All of the ancient twisted karma
From beginning-less greed, hatred and ignorance
Born of my body, mouth and thought
I now confess openly and fully.
~ Purification, PZI’s Texts and Service
A couple of weeks ago, as we chanted the above verse, which is included in our traditional book of sutras, I felt my old Catholic angst rise, as it usually does when we do Purification. Granted, transgression and forgiveness are deeply embedded in most religious traditions. But why in Zen do we feel the need to confess all our ancient twisted karma?
I think Purification is less about wiping out sins and more about about reiterating that we are vulnerable and imperfect members of our community, of the world community. And that itself is perfection.
‘Bless me Father, for I have sinned: I swore, I fought, and I lied.’ It was May of my seventh year, and I was practicing to myself my lines for my First Confession, which proceeded the First Communion.
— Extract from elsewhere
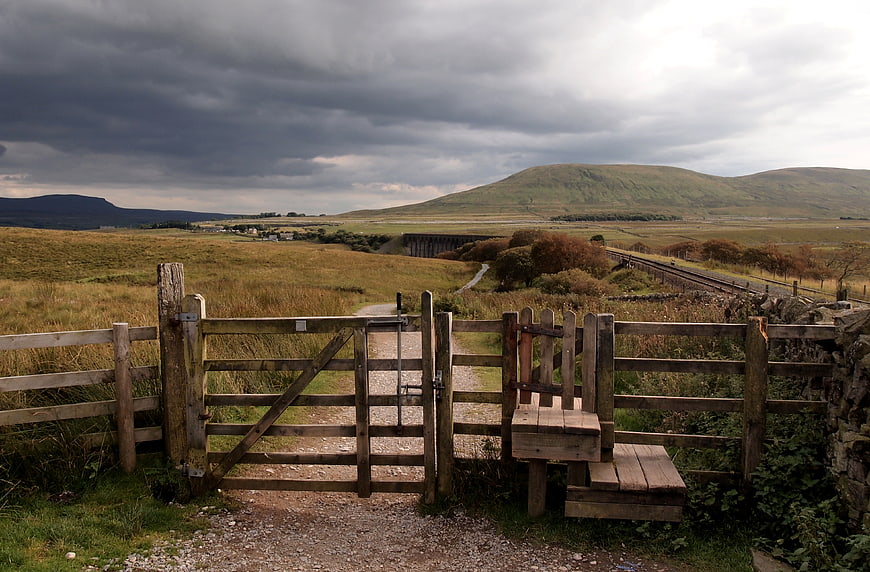 Rural Landscape with Wooden Gate and Rolling Hills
Father McLaughlin, a crusty old Irish priest, was sitting in the Confessional, which was bracketed by two small closets with kneeling benches.
I was toward the end of the line of dozen second graders, each one only taking a few minutes. I went into the darkened room, and could hear he was quietly talking to the little girl on the opposite side. Her panel closed and mine opened, and in the faint light I could see his silhouette.
I had been told was my cue: ‘Bless me Father, for I have sinned…’ Father McLaughlin gave me three Hail Mary’s and two Our Father’s to say as penance, along with the admonition to stop fighting with my brothers and to always obey my parents.
In the intervening years, I have grown into those sins, and more. How could it be otherwise, entering the world fully? All of the ancient twisted karma, I now confess openly and fully.